The environmental advocates said in their complaints against McWilliams that until several years ago her husband, Jay Paul McWilliams — CEO of Logos Energy — was on the board of the New Mexico Oil and Gas Association, a major trade group for the industry that is a party to the rulemaking case.

McWilliams' response says Logos Energy "discontinued its membership in the New Mexico Oil and Gas Association years ago."

"That McWilliams has ties to the oil and gas industry is not, in itself, a cause for concern," the response argues. "Agencies rely on individuals with ties to the industry they regulate to lend expertise and experience to their decision-making. It would be absurd and ironic to disqualify a duly appointed public official based on the official's professional background, when that background is what uniquely qualified the official for the position."

The response also asked the Ethics Commission to hold off on making any decisions regarding the complaint until Aug. 5, when the Water Quality Control Commission is scheduled to vote on the motion to disqualify McWilliams from the proceeding.

The day McWilliams filed her response, a separate filing from New Energy Economy surfaced the 2018 video showing McWilliams acting as a spokeswoman for the New Mexico Oil and Gas Association.

The video shows McWilliams with a young girl at what appears to be Abiquiú Lake with a graphic that states "Paid for by NMOGA."

In the video — which was still live on the association's website as of Friday — McWilliams defends fracking as environmentally sound. She says more than 50 years of fracking for oil and natural gas around the state has yielded "not one case of groundwater contamination," a claim the environmental group dismisses as "patently false."

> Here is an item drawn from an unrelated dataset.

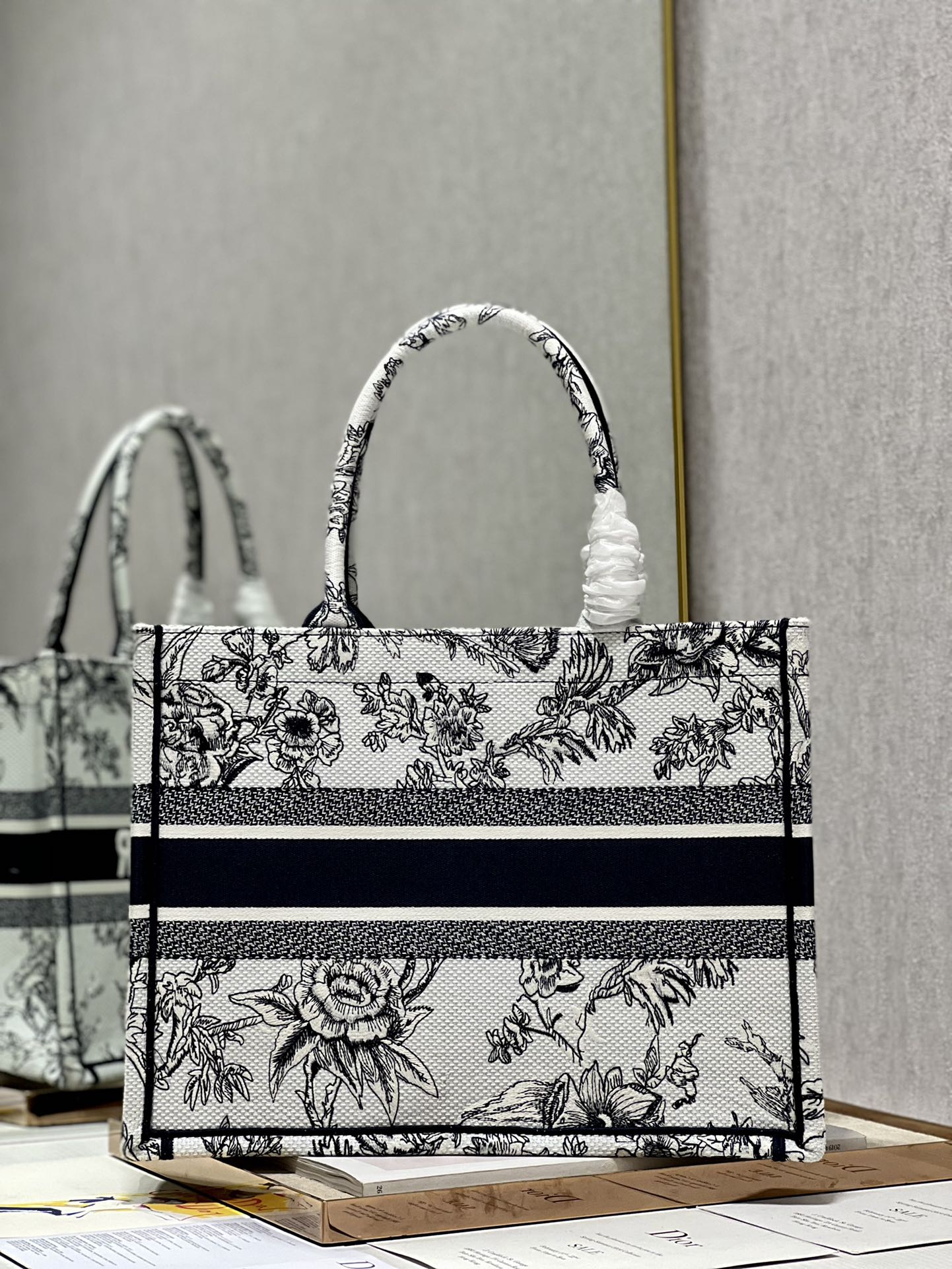 Diro Small Book Tote-36*18*28CM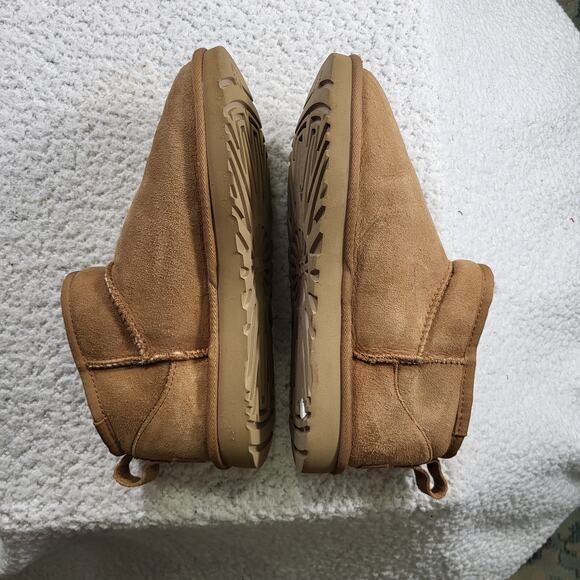 UGG Women's Classic Ultra Mini Chestnut size womens bootie size 8 - Picture 3 of 6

Former Navajo Nation Councilor Daniel Tso said in an interview Friday he believes the rule change will pave the way for more fracking wastewater contamination into groundwater. Tso said he has seen the effects of pollution in his community and he believes McWilliams presiding over the rule change "brings into question what is fair, proper, and above board.

"We certainly want folks that would be fair, honest and transparent in rulemaking," he said. "If McWilliams and other members are on the commission favoring this one side, the whole aspect of fairness is skewed."